Dry landing. We walk past a brackish lagoon where feeding flamingos can occasionally be found. The trail leads across typical dry zone vegetation up to Dragon Hill, an important nesting ground for endemic land iguanas, and offering scenic views of the anchorage and neighbouring islands. The forest is home to mockingbirds, Darwin’s finches, yellow warblers and Galapagos doves.
PM - Bartolomé
Dry or wet landing. Here we discover a fascinating moonscape formed by different volcanic parasitic cones - lava bombs, spatter cones and cinder cones as we hike to the summit for impressive views of the surrounding islands, including the eroded tuff cone Pinnacle Rock. We may also encounter marine iguanas, lava lizards and blue-footed boobies.
Beach time is a great opportunity to snorkel and see Galapagos penguins, sea turtles and white-tipped reef sharks as well as a great variety of colourful fish. For many visitors, this may turn out to be the best of snorkelling experiences as the water here is generally clear, without too much surf and full of marine life.

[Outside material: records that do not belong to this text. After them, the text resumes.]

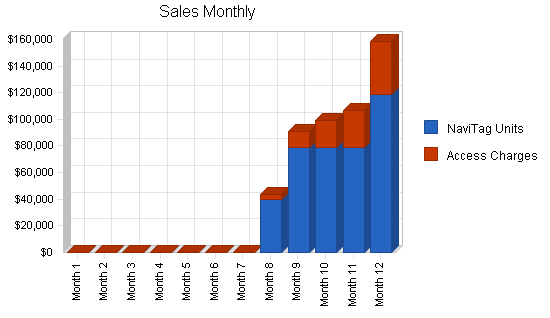 Shipment monitoring business plan, strategy and implementation summary chart image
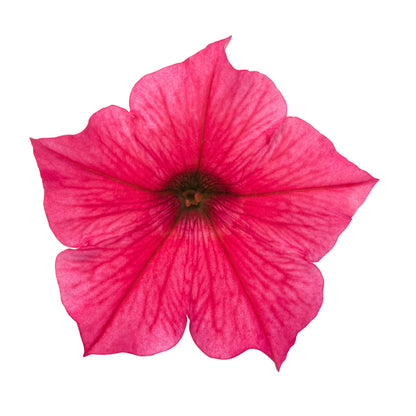 Limited Edition Royale™ | Supertunia Vista® Paradise Petunia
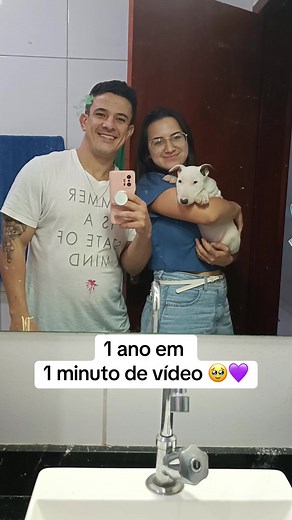 Pandorinha crescendo tão rápido 💜 #cachorro #pet #crescendo #bullterrier #bullterrierlover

Due to its geographical location, the lack of vegetation is immediately noticeable. Pioneer plants can be seen, so called because they are the first to establish roots on new ground. They include Tiquilia nesiotica (known as gray matplant and which is endemic to the island) and Chamaesyce (known as sand mat or spurge in English), lava cactus and Scalesia bushes. Behind the beach are dunes covered by mangroves.